- _WHAT IS REQUIRED_
Find the line with "Amazon Brand - Solimo" in the data below. Repeat it and every line after it exactly, but not the pictures.

- _DATA SHOWN_
────────────────────
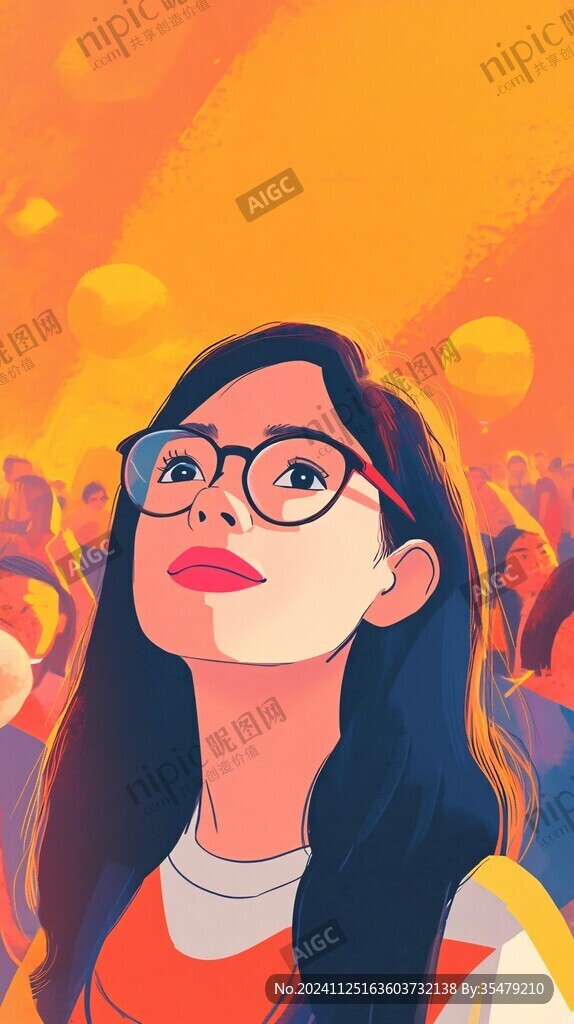 插画人物戴眼镜女孩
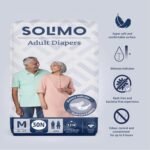Amazon Brand - Solimo Adult Diapers Tape Style | Medium Size | 30 Count | Waist 28-45 Inch (71-114 cm) | Fast Absorption | Leak Proof | Unisex | For Men & Women - Image 2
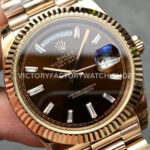KF Factory Counterweight Rolex Day-Date 228235-0003 40mm Full Rose Gold Diamond Baguette Brown Dial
────────────────────
- _RESULT OF THE TASK_
Amazon Brand - Solimo Adult Diapers Tape Style | Medium Size | 30 Count | Waist 28-45 Inch (71-114 cm) | Fast Absorption | Leak Proof | Unisex | For Men & Women - Image 2
KF Factory Counterweight Rolex Day-Date 228235-0003 40mm Full Rose Gold Diamond Baguette Brown Dial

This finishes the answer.